Caption-style text data:
<<<<

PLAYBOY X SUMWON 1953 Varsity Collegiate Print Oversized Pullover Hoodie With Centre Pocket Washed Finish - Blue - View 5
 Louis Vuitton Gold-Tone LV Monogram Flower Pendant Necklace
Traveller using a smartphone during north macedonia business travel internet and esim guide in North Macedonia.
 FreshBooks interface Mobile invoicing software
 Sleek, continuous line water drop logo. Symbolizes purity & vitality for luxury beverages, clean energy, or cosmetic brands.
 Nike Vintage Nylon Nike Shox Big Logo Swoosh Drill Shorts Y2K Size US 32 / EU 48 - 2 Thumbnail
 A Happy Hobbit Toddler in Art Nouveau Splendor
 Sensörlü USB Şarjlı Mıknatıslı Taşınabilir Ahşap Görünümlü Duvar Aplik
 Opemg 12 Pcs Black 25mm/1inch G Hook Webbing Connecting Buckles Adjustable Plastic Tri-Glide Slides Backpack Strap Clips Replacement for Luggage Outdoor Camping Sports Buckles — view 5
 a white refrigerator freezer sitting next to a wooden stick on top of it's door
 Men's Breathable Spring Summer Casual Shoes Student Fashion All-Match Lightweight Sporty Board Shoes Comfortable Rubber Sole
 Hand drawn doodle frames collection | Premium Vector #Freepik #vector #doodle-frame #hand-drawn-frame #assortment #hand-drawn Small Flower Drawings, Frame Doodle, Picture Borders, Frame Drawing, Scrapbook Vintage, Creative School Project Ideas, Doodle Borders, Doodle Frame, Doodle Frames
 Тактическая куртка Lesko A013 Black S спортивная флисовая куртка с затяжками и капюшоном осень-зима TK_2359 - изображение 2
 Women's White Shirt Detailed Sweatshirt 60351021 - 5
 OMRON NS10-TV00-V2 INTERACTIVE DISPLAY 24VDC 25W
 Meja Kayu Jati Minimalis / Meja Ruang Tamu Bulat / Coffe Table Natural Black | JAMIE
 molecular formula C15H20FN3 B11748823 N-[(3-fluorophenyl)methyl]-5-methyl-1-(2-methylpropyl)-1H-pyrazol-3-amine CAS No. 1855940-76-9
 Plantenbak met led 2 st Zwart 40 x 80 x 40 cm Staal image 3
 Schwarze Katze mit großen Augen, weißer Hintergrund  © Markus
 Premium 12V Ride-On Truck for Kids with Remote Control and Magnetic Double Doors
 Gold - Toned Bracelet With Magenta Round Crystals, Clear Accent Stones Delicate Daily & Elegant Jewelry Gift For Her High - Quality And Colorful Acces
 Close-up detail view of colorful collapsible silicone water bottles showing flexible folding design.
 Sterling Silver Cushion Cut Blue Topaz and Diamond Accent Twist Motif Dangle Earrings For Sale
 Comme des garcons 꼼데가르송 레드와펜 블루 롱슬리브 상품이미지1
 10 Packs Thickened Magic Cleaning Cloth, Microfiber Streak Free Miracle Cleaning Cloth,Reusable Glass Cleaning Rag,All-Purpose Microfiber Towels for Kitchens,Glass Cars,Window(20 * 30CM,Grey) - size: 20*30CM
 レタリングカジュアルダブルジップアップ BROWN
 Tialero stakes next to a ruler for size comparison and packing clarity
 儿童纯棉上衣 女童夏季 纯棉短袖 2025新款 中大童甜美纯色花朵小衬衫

>>>>

What is required: Retype all of the records above, word for word.

Output below:
PLAYBOY X SUMWON 1953 Varsity Collegiate Print Oversized Pullover Hoodie With Centre Pocket Washed Finish - Blue - View 5
 Louis Vuitton Gold-Tone LV Monogram Flower Pendant Necklace
Traveller using a smartphone during north macedonia business travel internet and esim guide in North Macedonia.
 FreshBooks interface Mobile invoicing software
 Sleek, continuous line water drop logo. Symbolizes purity & vitality for luxury beverages, clean energy, or cosmetic brands.
 Nike Vintage Nylon Nike Shox Big Logo Swoosh Drill Shorts Y2K Size US 32 / EU 48 - 2 Thumbnail
 A Happy Hobbit Toddler in Art Nouveau Splendor
 Sensörlü USB Şarjlı Mıknatıslı Taşınabilir Ahşap Görünümlü Duvar Aplik
 Opemg 12 Pcs Black 25mm/1inch G Hook Webbing Connecting Buckles Adjustable Plastic Tri-Glide Slides Backpack Strap Clips Replacement for Luggage Outdoor Camping Sports Buckles — view 5
 a white refrigerator freezer sitting next to a wooden stick on top of it's door
 Men's Breathable Spring Summer Casual Shoes Student Fashion All-Match Lightweight Sporty Board Shoes Comfortable Rubber Sole
 Hand drawn doodle frames collection | Premium Vector #Freepik #vector #doodle-frame #hand-drawn-frame #assortment #hand-drawn Small Flower Drawings, Frame Doodle, Picture Borders, Frame Drawing, Scrapbook Vintage, Creative School Project Ideas, Doodle Borders, Doodle Frame, Doodle Frames
 Тактическая куртка Lesko A013 Black S спортивная флисовая куртка с затяжками и капюшоном осень-зима TK_2359 - изображение 2
 Women's White Shirt Detailed Sweatshirt 60351021 - 5
 OMRON NS10-TV00-V2 INTERACTIVE DISPLAY 24VDC 25W
 Meja Kayu Jati Minimalis / Meja Ruang Tamu Bulat / Coffe Table Natural Black | JAMIE
 molecular formula C15H20FN3 B11748823 N-[(3-fluorophenyl)methyl]-5-methyl-1-(2-methylpropyl)-1H-pyrazol-3-amine CAS No. 1855940-76-9
 Plantenbak met led 2 st Zwart 40 x 80 x 40 cm Staal image 3
 Schwarze Katze mit großen Augen, weißer Hintergrund  © Markus
 Premium 12V Ride-On Truck for Kids with Remote Control and Magnetic Double Doors
 Gold - Toned Bracelet With Magenta Round Crystals, Clear Accent Stones Delicate Daily & Elegant Jewelry Gift For Her High - Quality And Colorful Acces
 Close-up detail view of colorful collapsible silicone water bottles showing flexible folding design.
 Sterling Silver Cushion Cut Blue Topaz and Diamond Accent Twist Motif Dangle Earrings For Sale
 Comme des garcons 꼼데가르송 레드와펜 블루 롱슬리브 상품이미지1
 10 Packs Thickened Magic Cleaning Cloth, Microfiber Streak Free Miracle Cleaning Cloth,Reusable Glass Cleaning Rag,All-Purpose Microfiber Towels for Kitchens,Glass Cars,Window(20 * 30CM,Grey) - size: 20*30CM
 レタリングカジュアルダブルジップアップ BROWN
 Tialero stakes next to a ruler for size comparison and packing clarity
 儿童纯棉上衣 女童夏季 纯棉短袖 2025新款 中大童甜美纯色花朵小衬衫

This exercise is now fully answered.